# Which is best to learn? ASP / PHP etc etc



## paulb100 (Mar 17, 2005)

I want to learn web programming primarily for databases and interactive content..

There are so many web-programming languages but I dont know which one is best - I heard ASP.NET is the better one but is it?

When I see Job Openings for web design it seems to be mostly PHP they require (other than Dreamweaver & Flash)....

I have Adobe Masters Collection, Frontpage and Visual Web Developer

Fixing Computers is my forte - I done a website for a friend and now Im doing TWO more so I wouldnt mind bettering my skills cos as of this moment I can only build basic sites with tables etc

thanks


----------



## LauraMJ (Mar 18, 2004)

Moving this thread to the proper forum, you should get more answers here.


----------



## namenotfound (Apr 30, 2005)

paulb100 said:


> When I see Job Openings for web design it seems to be mostly PHP they require (other than Dreamweaver & Flash)....


That's probably because PHP is free, Apache is free, and MySQL is free. So it's more cost effect for companies to use it.


----------



## TheRobatron (Oct 25, 2007)

IMO the .NET framework is overpriced and it needs a Windows server to run on. Anyone can learn and use PHP and Linux hosting packages are a lot cheaper than Windows for pretty much the same deal, which is why it's more common.

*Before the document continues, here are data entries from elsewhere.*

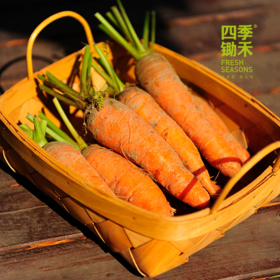 胡萝卜/老品种胡萝卜（500g）（基地胡萝卜，六零种植）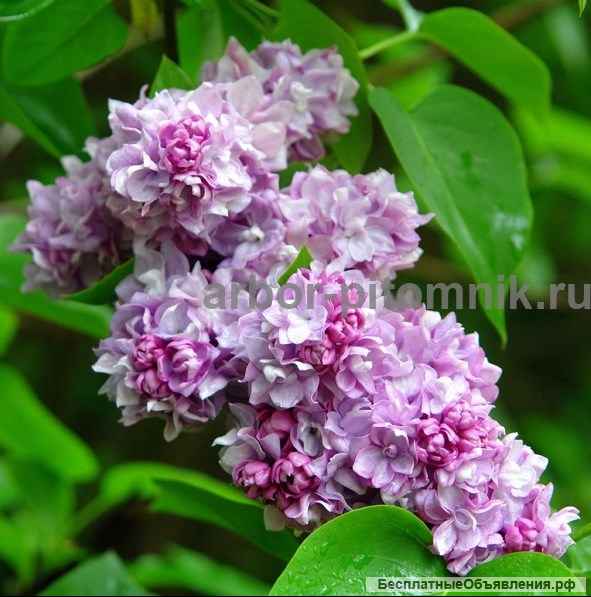 Саженцы сирени из питомника, каталог с сортами в интернет магазине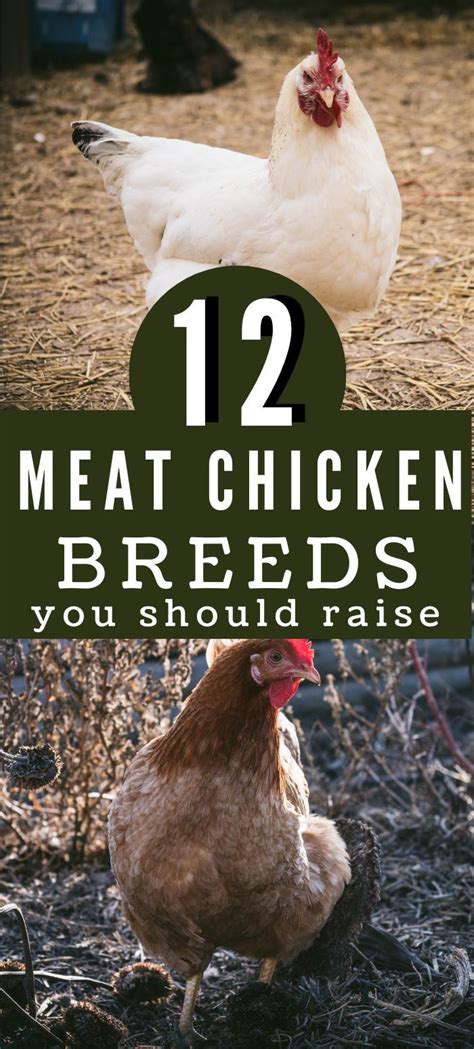 12 Meat Chicken Breeds Perfect For Your Small Homestead Artofit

As for the actual language, I don't know much about ASP but I picked up PHP in a couple of weeks (with previous programming experience). There is a massive debate on the matter - just search for "PHP vs ASP". Some claim that because ASP is professionally developed it is better than the open source alternative. This may be true in many cases, but PHP is cheaper and easier (in terms of getting space to run it) to learn. And of course there's the fact that you're supporting an open source project


----------



## MMJ (Oct 15, 2006)

paulb100 said:


> I want to learn web programming primarily for databases and interactive content..
> 
> There are so many web-programming languages but I dont know which one is best - I heard ASP.NET is the better one but is it?
> 
> ...


*ASP* - Don't ever learn this!
*ASP.NET* - If you are looking for enterprise work or want to learn C# and enterprise programming then learn this. In most cases this will pay better then PHP.
*PHP* - If you plan to work on personal projects then learn this. In most cases you can finish projects much faster than other languages. However (in most cases) it is much easier to write ugly PHP compared to other languages.

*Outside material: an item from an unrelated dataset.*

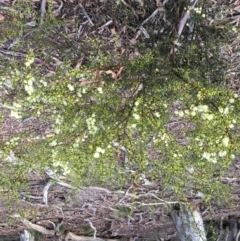 Acacia genistifolia at Lower Boro, NSW - 10 Sep 2022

If you go for PHP then *learn it good*! Learn *proper practices* and OOP when working with large projects. 99% of scripts and PHP code found on the internet contains bad practices!

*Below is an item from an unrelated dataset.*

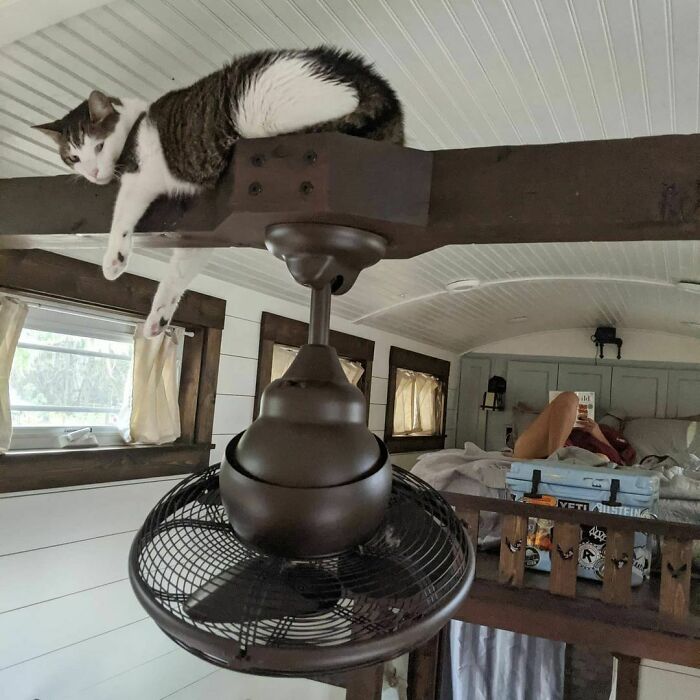 Man Lives On His Own Private Island In Florida And Here’s How His Life Looks Man Lives On His Own Private Island In Florida And Here’s How His Life Looks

This article is a *very* good read. Keep it in mind when working on PHP.

http://www.oreillynet.com/ruby/blog/2007/09/7_reasons_i_switched_back_to_p_1.html


----------



## dudeking (Feb 7, 2007)

I have had 2 clients in the last few months get rid of me half way through projects because they want ASP.net ASP (yeah dnt lean it). But get get big money its ASP.net, PHP is fun and easier, and still creates some amazing stuff


----------



## paulb100 (Mar 17, 2005)

wow thanks for your replys guys - i now know where i stand... 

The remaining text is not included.